Ob es wirklich eine Zweckentfremdung ist, muss jetzt die Stiftungsaufsicht entscheiden, hat das Bundesverwaltungsgericht entschieden. Die Beschwerdeführer hätten ein rechtlich schutzwürdiges Interesse an der Überprüfung, ob der Teuerungsfonds tatsächlich aufgelöst werden kann, hält das Gericht fest.
Gegen den Entscheid des Bundesverwaltungsgerichts kann allerdings Beschwerde beim Bundesgericht gemacht werden. Möglicherweise ist das Juristen-Pingpong also noch nicht beendet.
SRF: 65’000 Franken zu viel für Pensionäre
Radio SRF berichtet über die Umverteilung von Jung zu Alt aufgrund des zu hohen Mindest-Umwandlungssatzes.
Seit die Zinsen nun aber rekordtief und sogar negativ sind, funktioniere das System der beruflichen Vorsorge nicht mehr richtig, sagt Martin Erling, Professor für Versicherungsmanagement an der Universität St.

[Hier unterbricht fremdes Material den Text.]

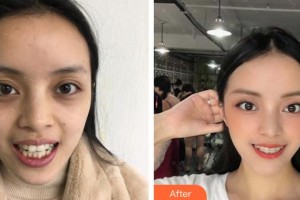蕪湖來(lái)友口腔門診部陳天蘊(yùn)整形價(jià)格表附牙齒矯正案例展示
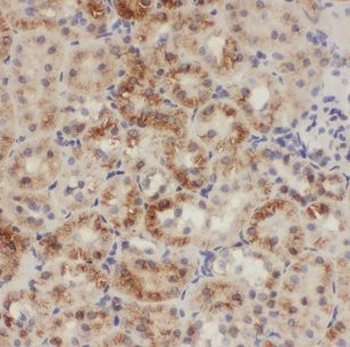 CHD9 Antibody
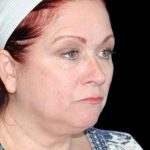 Facelift Before & After Patient #9887
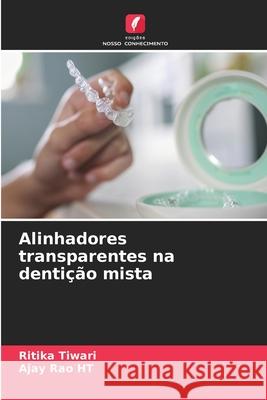Alinhadores transparentes na dentição mista Tiwari, Ritika, Rao HT, Ajay 9786203918649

Gallen: «Das Problem bei der Umverteilung ist, dass die gesetzlich vorgeschriebene Rente deutlich höher ist als das, was erwirtschaftet werden kann.»
Entwicklung des technischen Zinses im Beitragsprimat. Quelle: Swisscanto
Früher erwirtschafteten Pensionskassen auf dem Alterskapital einen durchschnittlichen Betrag von 4 Prozent. Heute beträgt dieser technische Zinssatz realistisch gerechnet noch 2,5 bis 3 Prozent. Die gesetzlichen Vorgaben, insbesondere der sogenannte Umwandlungssatz, blieben aber unverändert. So kommt es, dass Pensionskassen ihren neuen Rentnerinnen und Rentnern heute im Durchschnitt 65‘000 Franken zu viel ausbezahlen müssen. Bei Erlings letzter Berechnung vor vier Jahren waren es noch 40‘000 Franken gewesen.
Die Kosten der Frühpensionierung
Die Vorsorgewerke sind stark unter Druck. Bleibt eine Frühpensionierung deshalb ein aussichtsloser Traum? Albert Steck von der Migros-Bank hat an einem Musterbeispiel die finanziellen Folgen einer Pensionierung mit 62 statt mit 65 Jahren berechnet. Das Resultat: Die monatliche Rente der Pensionskasse sinkt von 2830 auf 2220 Franken – eine Einbusse von 22 Prozent.
Je nach Pensionskasse weicht die Kalkulation etwas vom Beispiel ab. Als Faustregel gilt jedoch: Pro Vorbezugsjahr sinkt die Rente zwischen 5 und 8 Prozent. Aufgrund dieser massiven Einbusse muss eine Frühpensionierung in jedem Fall sehr sorgfältig geplant sein.